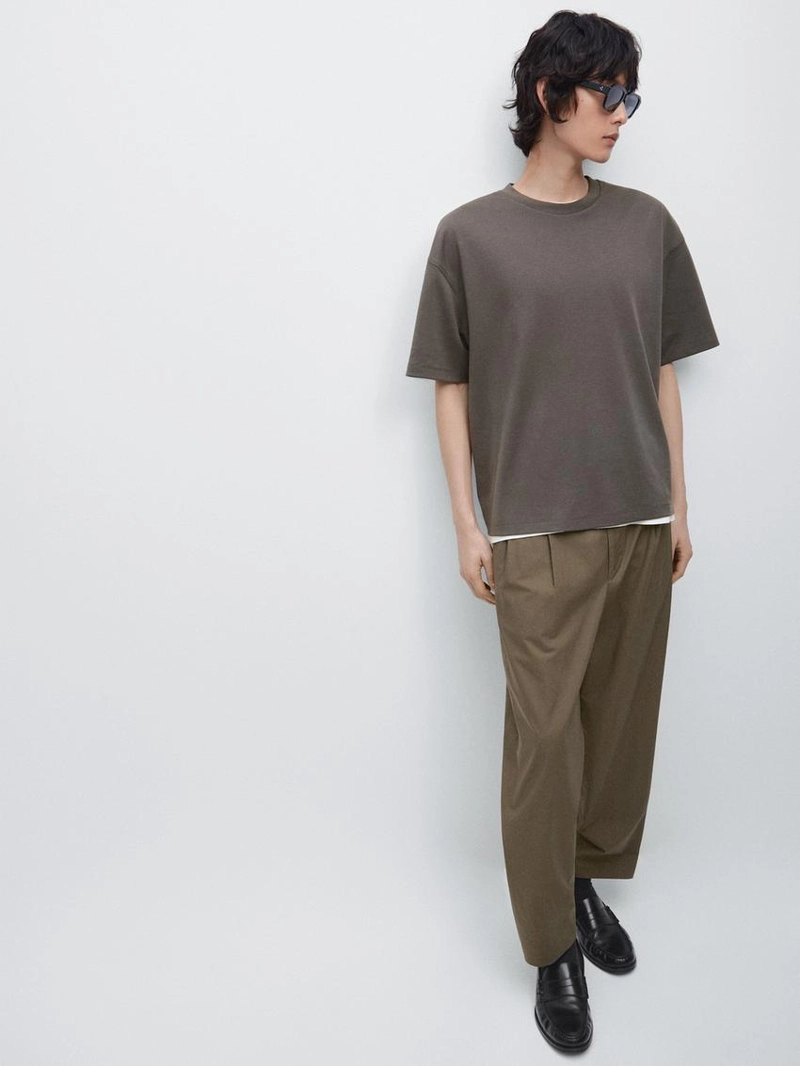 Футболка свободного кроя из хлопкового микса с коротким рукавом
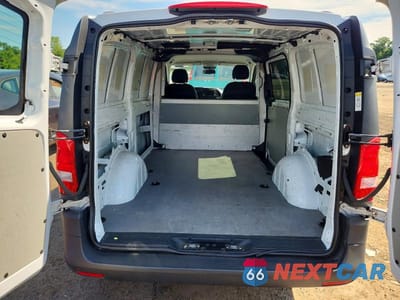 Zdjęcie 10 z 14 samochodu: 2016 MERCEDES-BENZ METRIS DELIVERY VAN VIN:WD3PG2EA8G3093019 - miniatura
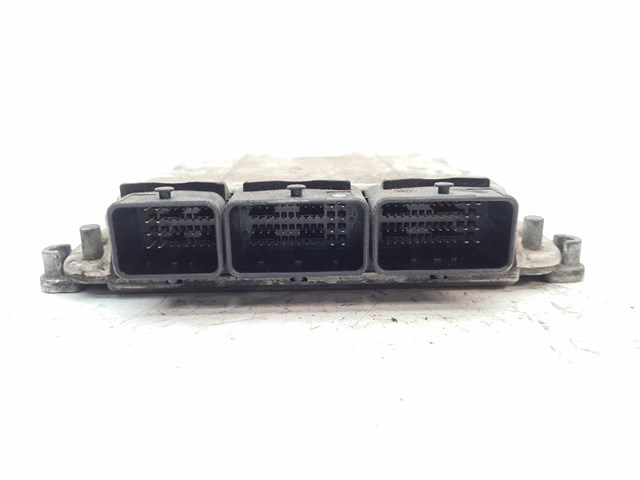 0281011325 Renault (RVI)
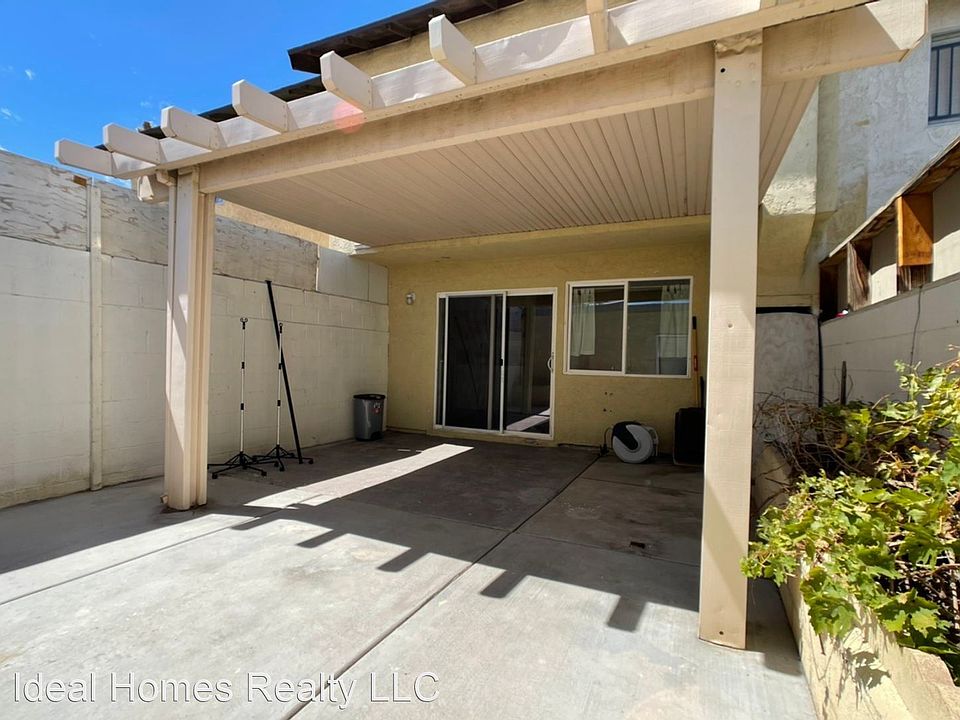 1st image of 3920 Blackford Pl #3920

=-=-=

• **WHAT YOU SHOULD DO**:
None of the pictures should be carried over when the data above is transcribed exactly.

• **RESULT BELOW**:
 Футболка свободного кроя из хлопкового микса с коротким рукавом
 Zdjęcie 10 z 14 samochodu: 2016 MERCEDES-BENZ METRIS DELIVERY VAN VIN:WD3PG2EA8G3093019 - miniatura
 0281011325 Renault (RVI)
 1st image of 3920 Blackford Pl #3920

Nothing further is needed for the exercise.